What the task asks: Word-for-word transcription: reproduce all of the data, but not the pictures.

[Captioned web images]
▽

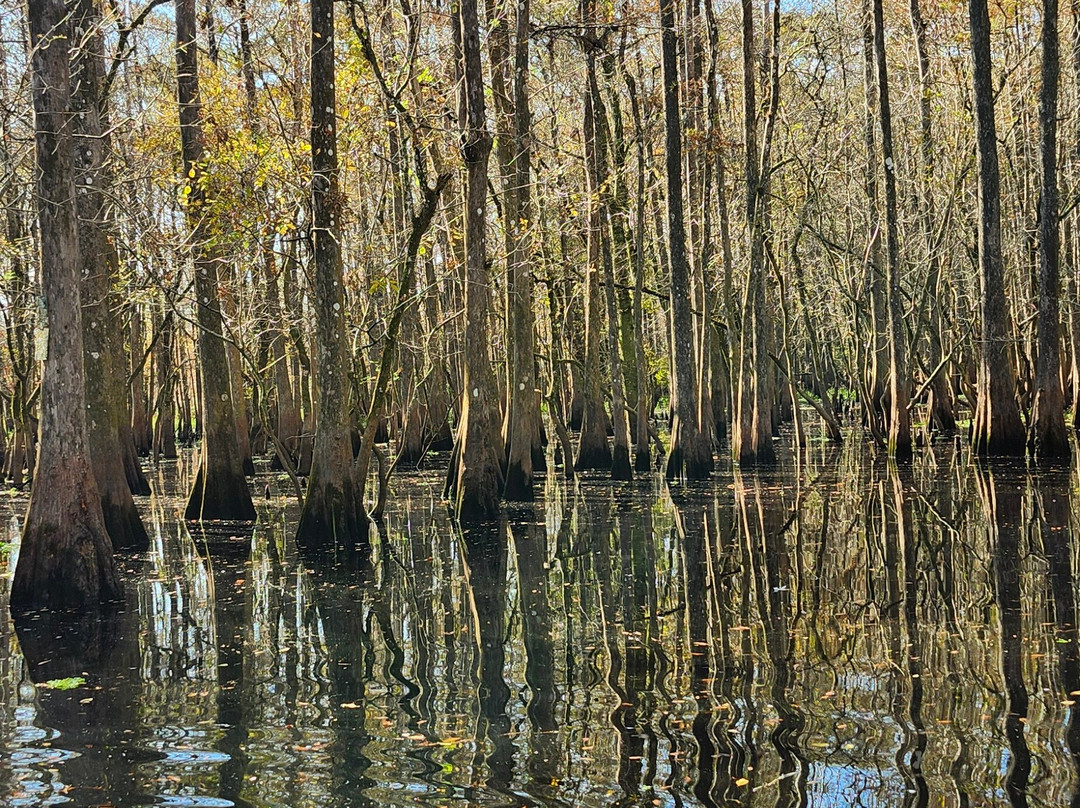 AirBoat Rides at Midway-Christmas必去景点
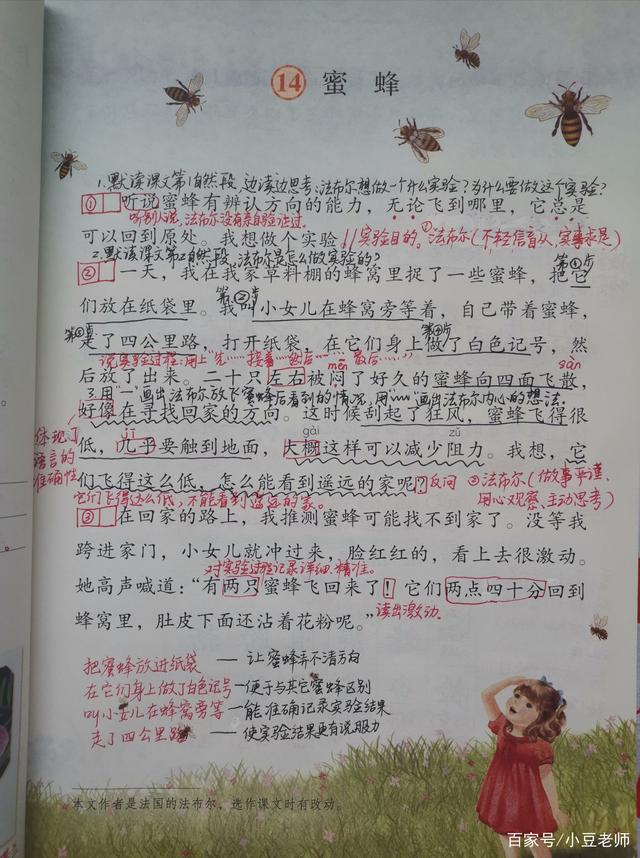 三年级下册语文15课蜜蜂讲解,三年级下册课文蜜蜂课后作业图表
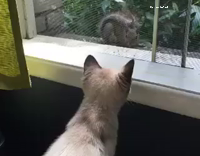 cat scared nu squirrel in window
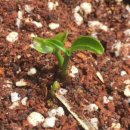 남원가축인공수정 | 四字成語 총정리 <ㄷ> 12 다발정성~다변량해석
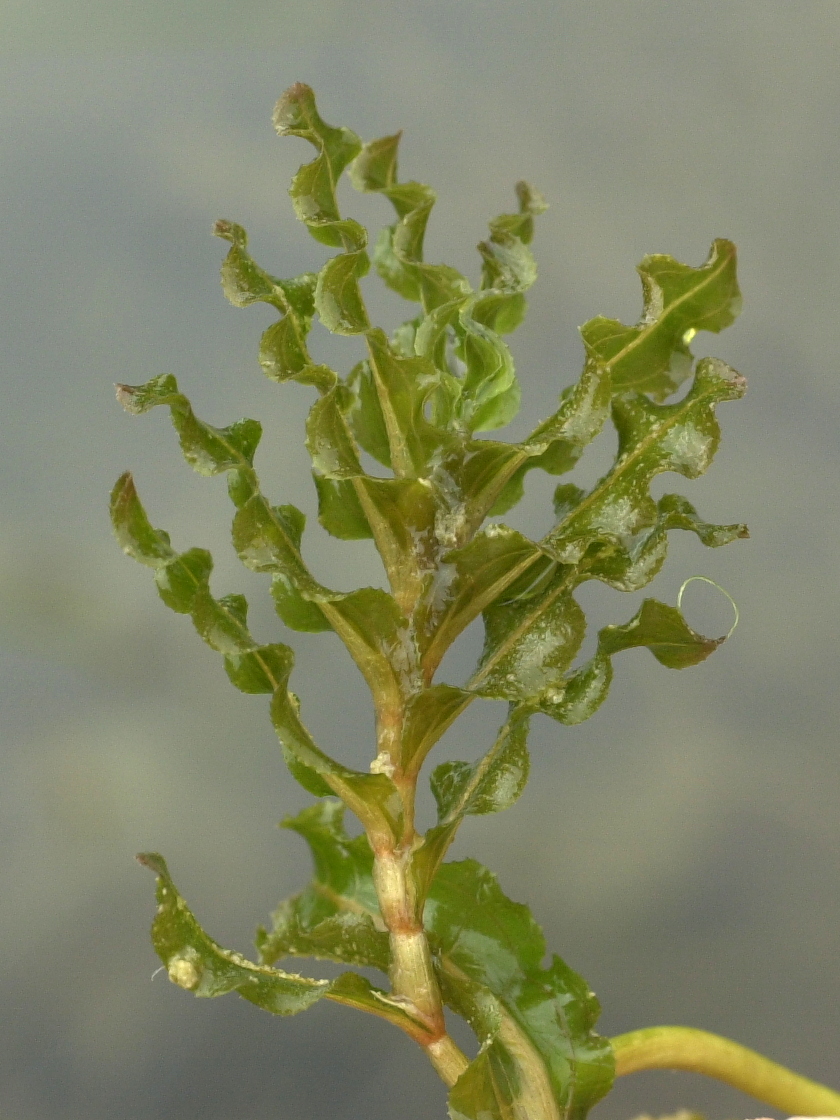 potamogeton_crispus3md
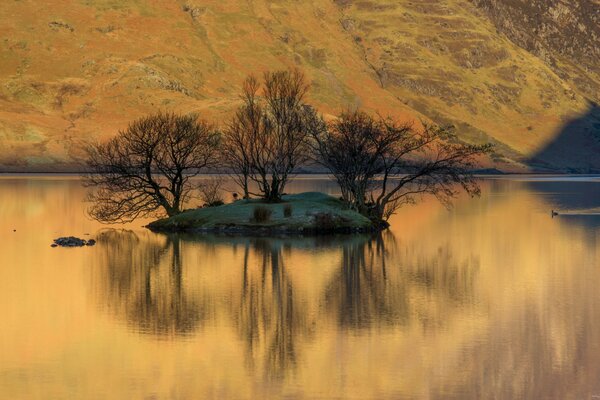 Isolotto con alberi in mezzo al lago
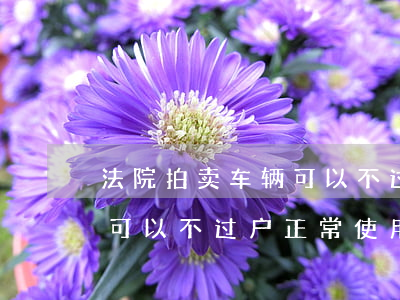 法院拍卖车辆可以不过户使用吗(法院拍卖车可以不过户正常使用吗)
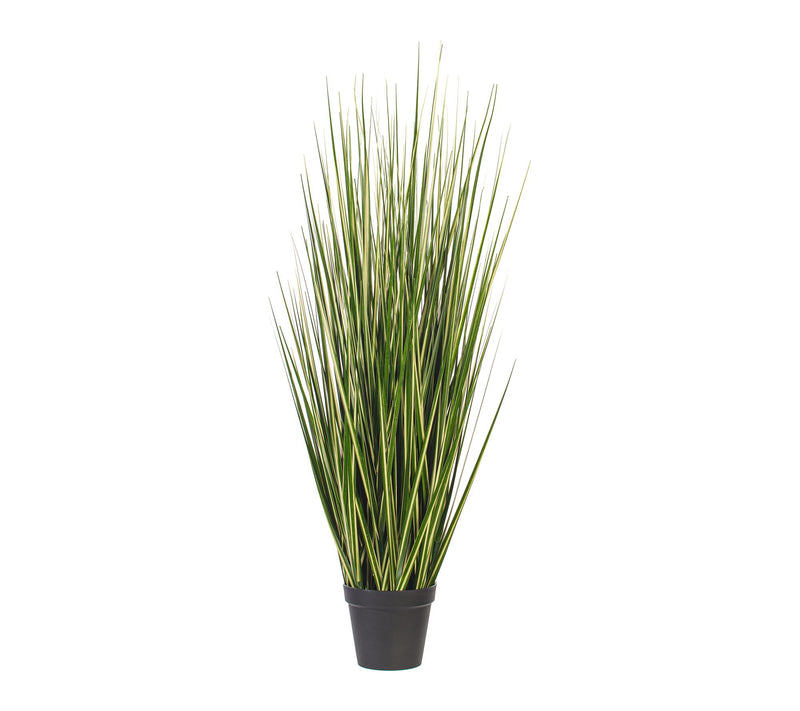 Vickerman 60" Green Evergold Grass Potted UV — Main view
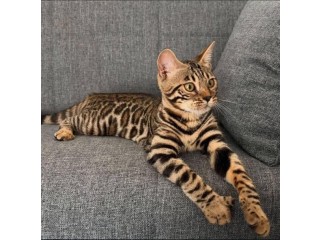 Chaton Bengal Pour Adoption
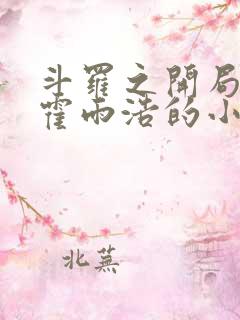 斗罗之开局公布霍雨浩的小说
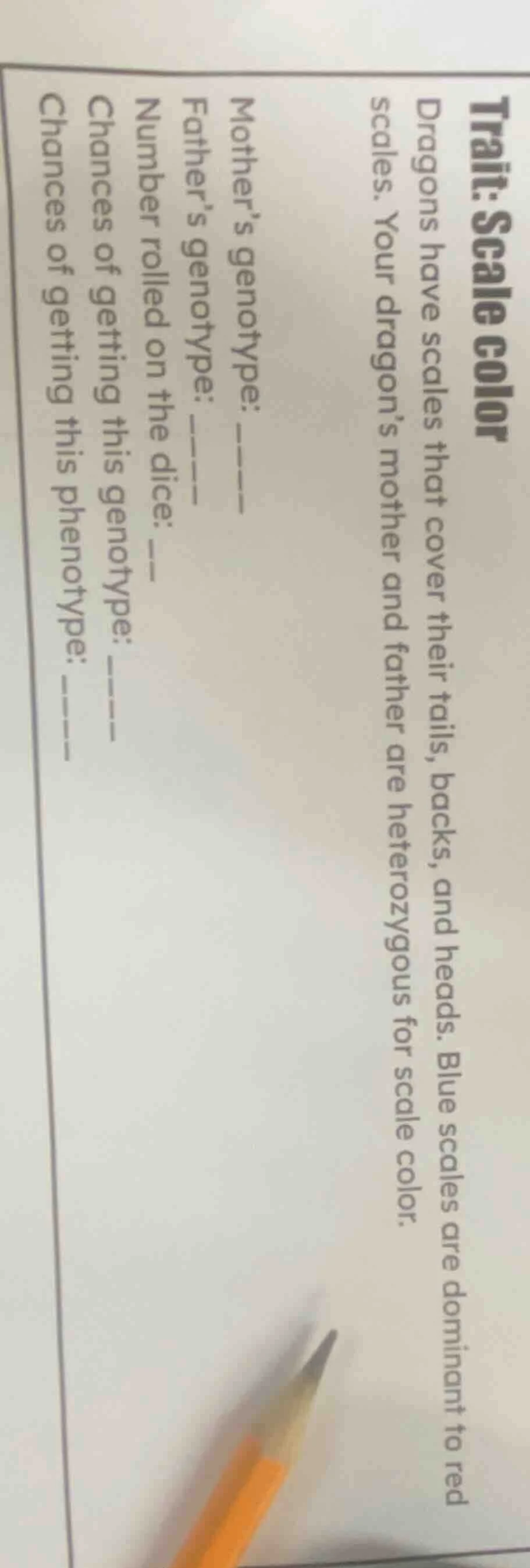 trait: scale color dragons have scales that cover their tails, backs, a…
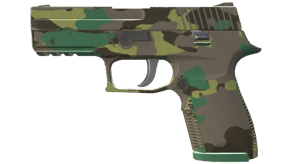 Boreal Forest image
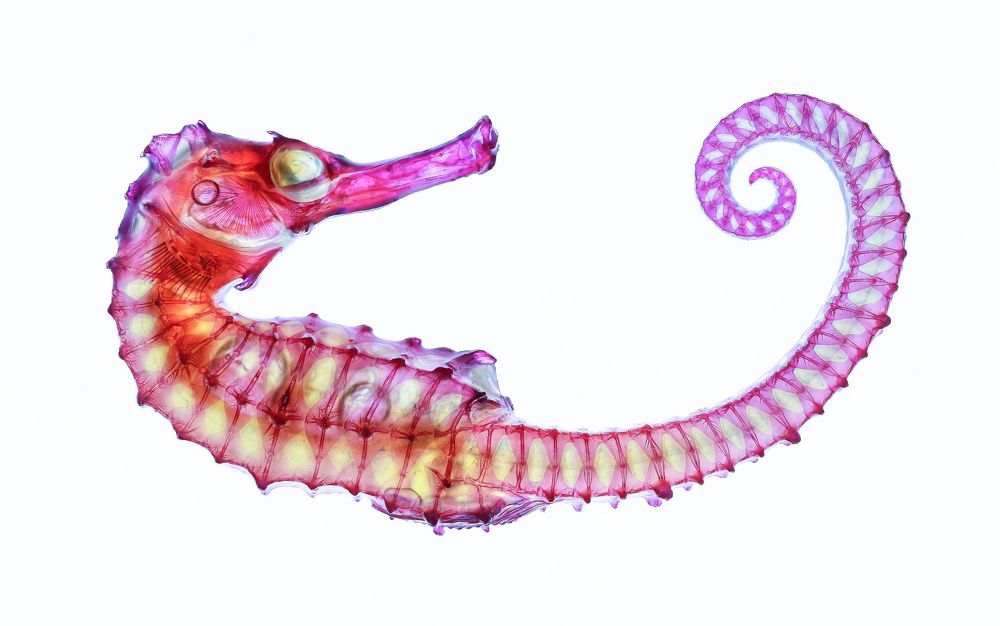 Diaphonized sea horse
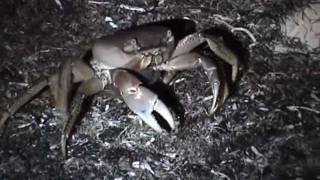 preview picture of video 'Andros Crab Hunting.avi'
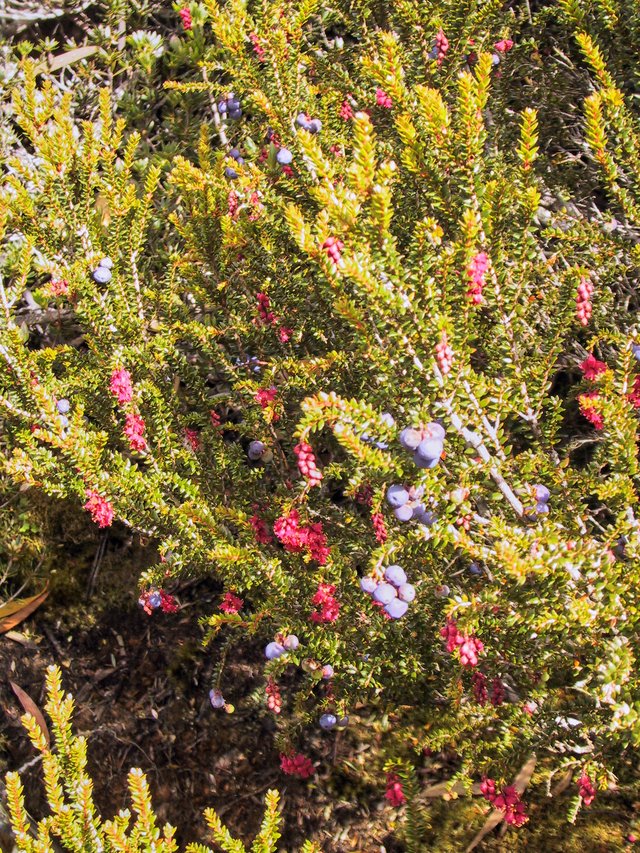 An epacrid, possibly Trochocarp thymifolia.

△

Result below:
 AirBoat Rides at Midway-Christmas必去景点
 三年级下册语文15课蜜蜂讲解,三年级下册课文蜜蜂课后作业图表
 cat scared nu squirrel in window
 남원가축인공수정 | 四字成語 총정리 <ㄷ> 12 다발정성~다변량해석
 potamogeton_crispus3md
 Isolotto con alberi in mezzo al lago
 法院拍卖车辆可以不过户使用吗(法院拍卖车可以不过户正常使用吗)
 Vickerman 60" Green Evergold Grass Potted UV — Main view
 Chaton Bengal Pour Adoption
 斗罗之开局公布霍雨浩的小说
 trait: scale color dragons have scales that cover their tails, backs, a…
 Boreal Forest image
 Diaphonized sea horse
 preview picture of video 'Andros Crab Hunting.avi'
 An epacrid, possibly Trochocarp thymifolia.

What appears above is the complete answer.